Most trustees are, of course, volunteers, but they are a precious and vital variety of the breed, and a lot of evidence has emerged recently that all is not well in their part of the forest.
Recent Charity Commission research revealed inadequate recruitment methods and imbalances of age and ethnicity. And now a report from accountants and business advisers PKF and the Charity Finance Directors' Group points up a range of problems in this area.
One crucial aspect is the relationship between trustees and managers, and their perception of each other. Nearly half the respondents to the PKF/CFDG survey said the key factor limiting the effectiveness of governance in their charity was 'trustee skills mix' followed by 'trustee knowledge of charity requirements', 'lack of fresh ideas' and 'dominance of individuals'. Although 40 per cent thought there were no key barriers to improving the effectiveness of the trustee-management relationship, 25 per cent cited 'insufficient trustee input', 20 per cent 'insufficient direct contact', 17 per cent 'trustees too involved in management' and - ominously - nearly 10 per cent 'lack of trust'.

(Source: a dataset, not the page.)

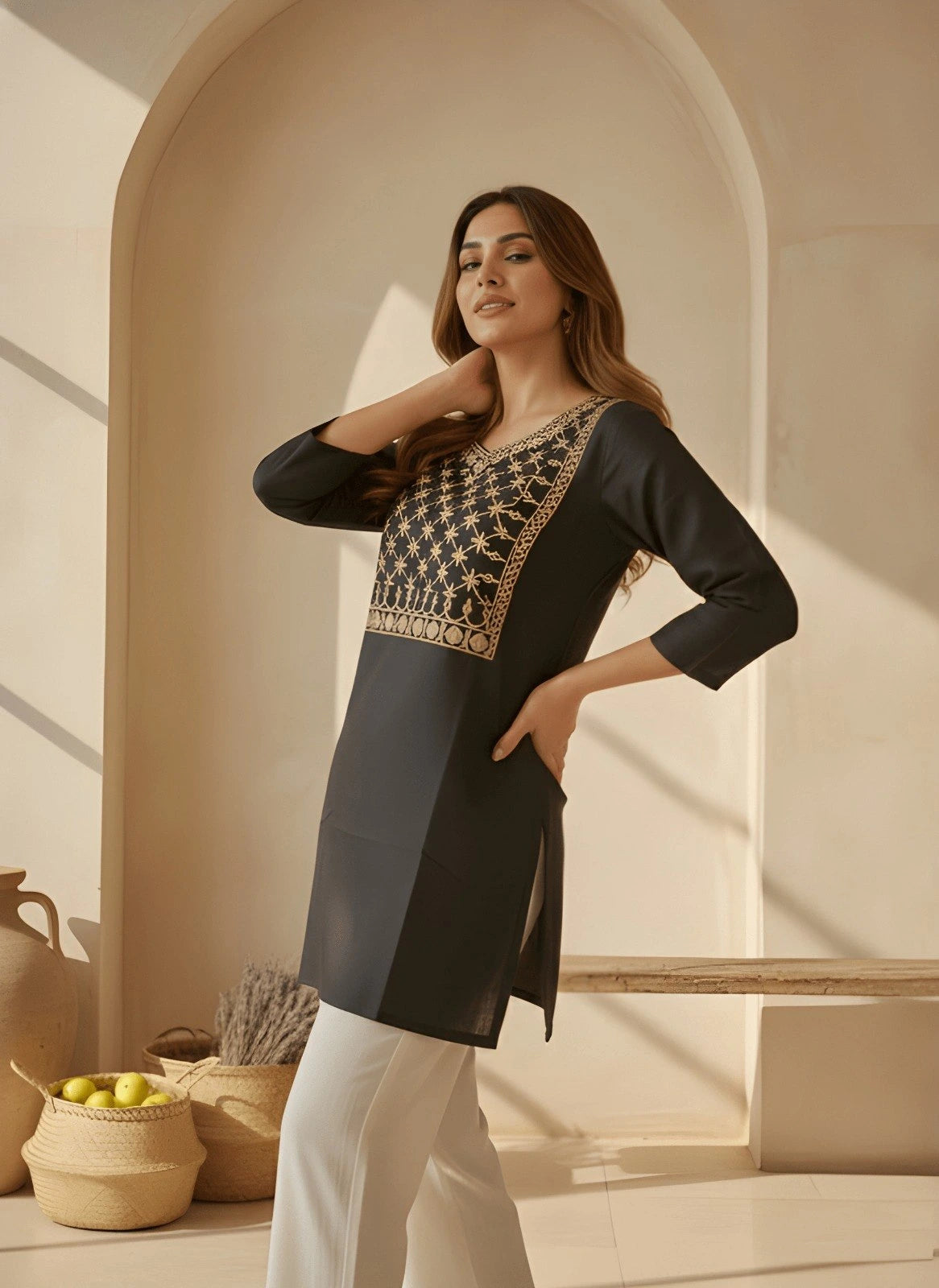 Woman wearing a black and gold embroidered top in a warm-toned interior setting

The survey showed that induction for trustees is often informal, and 20 per cent of respondents said there was no induction at all. A quarter said they provided compulsory training for trustees, but a similar proportion said there was no training at all. Ten per cent had neither induction nor training.

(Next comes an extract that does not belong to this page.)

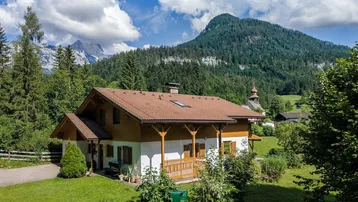 Traditionelles Haus in alpiner Landschaft mit Bergblick und viel Grün.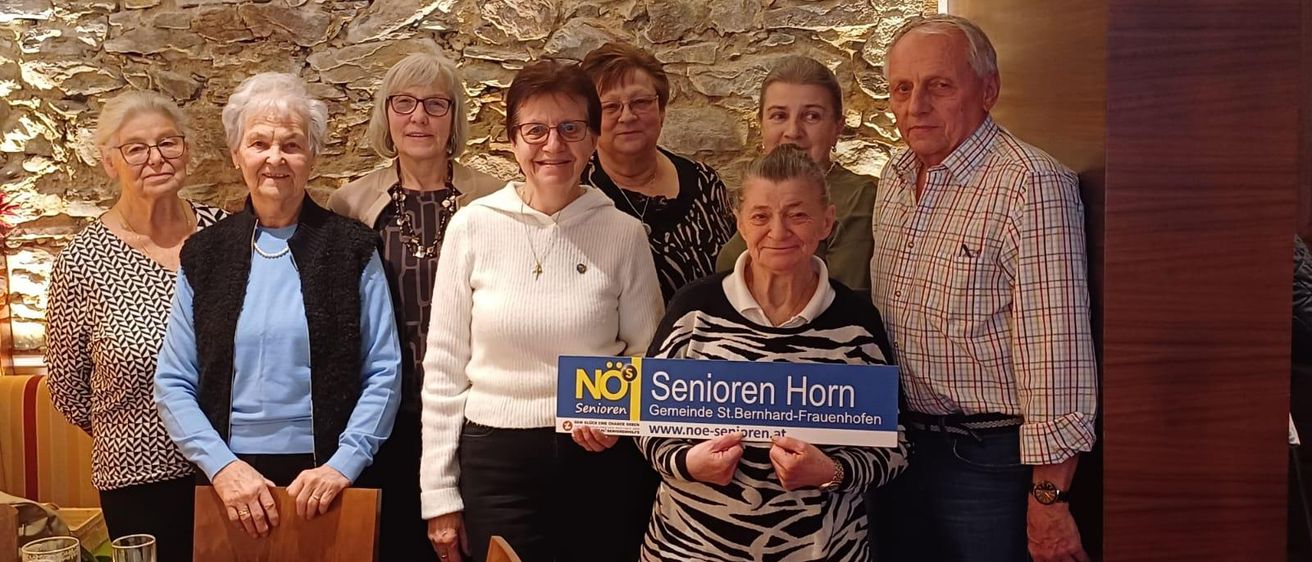 Eine Gruppe älterer Menschen posiert für ein Foto mit einem Schild, das 'Senioren Horn Gemeinde St. Bernhard-Frauenhofen' steht.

Most respondents were managers rather than trustees. PKF said that, "although there is a tendency for management to be critical of trustee knowledge and skills, the management duty to ensure they are equipped to do their role is not being recognised or met". In broad terms, it looks as if, in a significant number of charities, trustees aren't seen to be winning and managers aren't really enabling them to win.
Management tasks are endless, but this is surely one that shouldn't be shirked. The Charity Commission is conducting a 'Get on Board' drive to recruit trustees more widely, and the new and as yet unproved governance hub may come up with tools and templates to make it easier for managers to provide proper support for trustees. Overall, it seems as if a big push is required to improve governance. And perhaps a key part of it is to stop asking what your trustees can do for you and ask instead what you can do for your trustees.